Supplied records:
<<<<

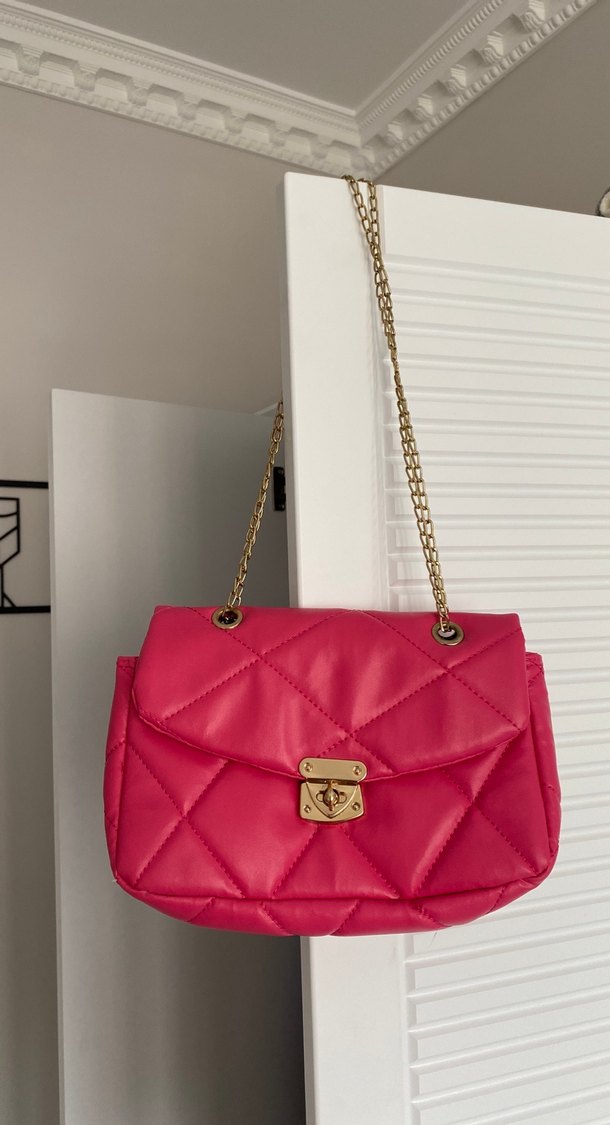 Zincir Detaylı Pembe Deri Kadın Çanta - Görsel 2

>>>>
<<<<

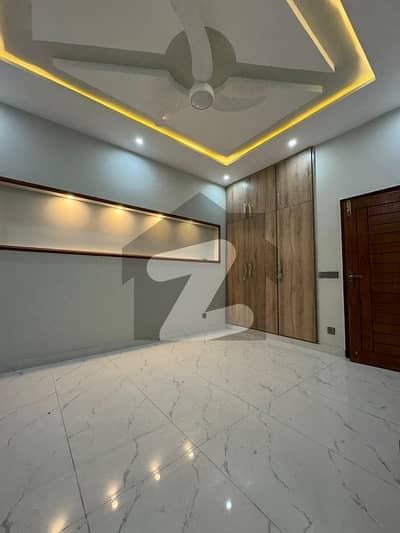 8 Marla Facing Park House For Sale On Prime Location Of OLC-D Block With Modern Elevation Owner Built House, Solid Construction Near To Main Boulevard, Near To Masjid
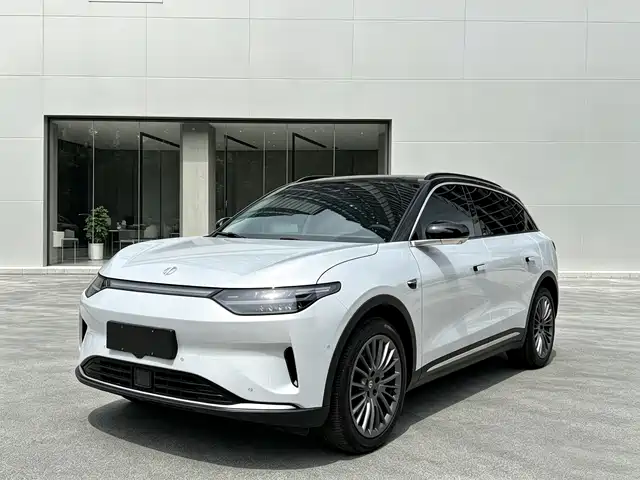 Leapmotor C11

>>>>

Your reply should hold nothing but the lines above, from the one containing "8 Marla Facing" to the one containing "Leapmotor C11", reproduced exactly minus the pictures.

 8 Marla Facing Park House For Sale On Prime Location Of OLC-D Block With Modern Elevation Owner Built House, Solid Construction Near To Main Boulevard, Near To Masjid
 Leapmotor C11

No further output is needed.